And if you were a reputable pet food manufacturer would you be happy to base your business on this? Do you think your insurance company would be willing to insure you?

tomatodizzymum · 29/08/2015 21:16

Fluffy24 I don't feed my animals on processed meats, no one eats them in our home.

Food manufacturers have been exposed using horsemeat! That wasn't particulary good for business either, but it happened. If messes like that happen in the human food chain, it is not beyond the realms of possibility to assume its worse in the pet food industry, where they can make a profit and not even running the risk of harming humans. There is a lot of corruption, a lot of greed and a lot of links in the chain of the food industry.

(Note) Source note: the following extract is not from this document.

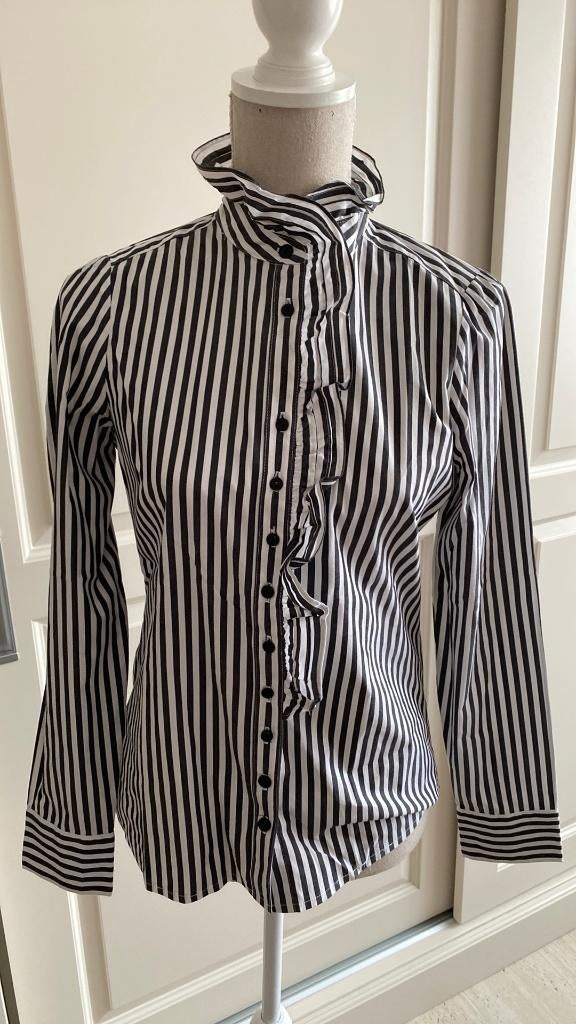 Blouse Grijs wit gestreept van WE maat 38 met roezel, Maat 38/40 (M), WE, Ophalen of Verzenden, Zo goed als nieuw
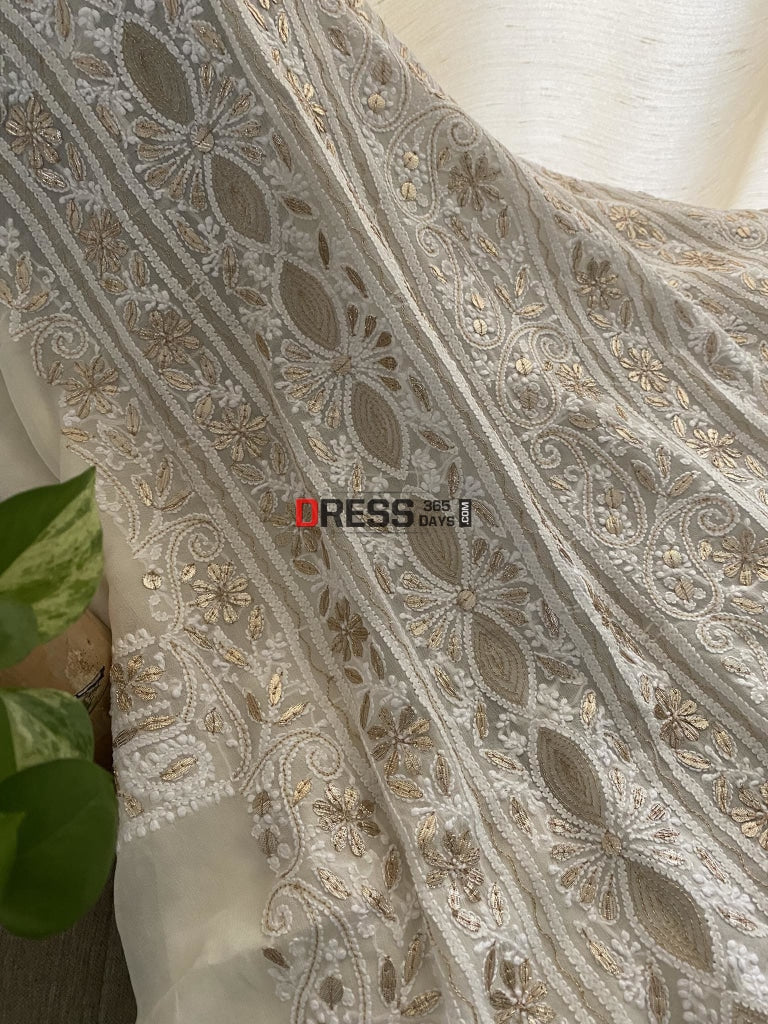 Ivory White Gota Patti Chikankari Suit Suits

rogueantimatter · 30/08/2015 11:27

Depressing rant alert!

This thread feeds my sense of doom. There are too many people now! Of course it would be lovely to have a pet to love and care for. I'm sure OP's children would benefit. (although it strikes me as sad/odd that families are now spread out and time-poor, with the result that pets are 'used' to provide a lesson for caring for living beings, stress-relief or companionship (in the instance of lonely elderly people who would previously have shared a home with family members) instead of looking after other humans who need looking after). IMO now that world resources appear to be overstretched and threatened by climate change and pollution it does seem irresponsible to use them on a pet instead of on poverty-stricken people. Which is a shame obviously as there's no doubt that a happy pet can be a huge source of happiness for its owners.

I hardly ever used to extend my thinking about what constituted an ethical life to how my lifestyle affected the planet or (I'm ashamed to say) people in third world countries. Out of sight out of mind perhaps. DH claims that individual efforts have no effect anyway - better to make large-scale structural changes in his opinion. It's uncomfortable now to realise that my lifestyle isn't as ethical as I thought it was. I suspect it's the same for a lot of other mn-etters who enjoy a lifestyle that has previously been sustainable. Ignorance is bliss, as they say. Nobody likes having their lifestyle challenged as unethical. But OP was asking about having a new pet, not specifically attacking existing pet-owners - though I admit it was implied.